Just this year, we witnessed the joining up of CGU and Norwich Union. CGU is itself the result of a merger between General Accident and Commercial Union in February 1998. And NU, some eight months after that, went on to swallow up ITT London & Edinburgh.

There are many other examples of these corporate marriages, notably the merger of Royal and Sun Alliance to form a group of that name. Last year Axa went to bed with Guardian Royal Exchange and Lloyds TSB, primarily a clearing bank, sniffed out an insurer in the shape of Scottish Widows. According to the Association of British Insurers, this trend "will continue for the foreseeable future as companies consolidate and seek new markets".

Mergers will inevitably have an effect on staff. Companies may go for "horizontal" integration, where two firms with an identical market – say two general insurers – decide to join up. Vertical integration, on the other hand, is where a company takes over all stages of a product. An insurance company may, for example, wish to control not only the underwriting but also the marketing and distribution channels of a product. You may see an insurer buying a chain of IFAs. By increasing their size, companies hope to achieve economies of scale, which means that costs fall while output increases. This could affect several areas of a horizontally integrated company and inevitably effect staff numbers.

There is also the problem that as a company grows, relations between managers and employees may become increasingly impersonal and processes become more bureaucratic. Technology is also an important factor in a merger. Direct insurers need to access customer information quickly. This means you need large and expensive computer systems, which large companies can afford more easily.

But globalisation will continue to be the main driver of mergers. Surprisingly, UK insurers are relatively small compared with the US and Japan. It gives companies the chance to move into markets abroad, where otherwise they may be facing closed markets. For example, licences to operate in China have been granted to RSA, Allianz and Axa-UAP.

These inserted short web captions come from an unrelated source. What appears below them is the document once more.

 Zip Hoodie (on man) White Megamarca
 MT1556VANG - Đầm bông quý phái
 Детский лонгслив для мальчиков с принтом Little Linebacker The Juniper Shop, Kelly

However, despite the high numbers of mergers, the number of insurance companies is showing no great decline. In 1986 there were 675 general, life and composite insurers, while in 1997 that had slipped to just 672 – mainly a result of new entrants to the market, notably retailers. The ABI say there may be polarisation between large companies and smaller niche players.

So what is the position of staff in mergers? And what about those considering entering the industry? It is reckoned about 10% of jobs disappear in a merger. When Royal merged with Sun Alliance in 1996, it announced 5,000 jobs losses. When Commercial Union merged with General Accident, there were 3,000 redundancies in the UK alone. According to MSF, the union that represents many insurance staff, "mergers invariably involve huge job losses, often on a massive scale, with the potential to inflict huge social damage".

A new merged company will also have to tackle the problem of welding departments and staff who may feel they have little in common with each other.

But there are also solutions and both management and staff must find ways of making it work.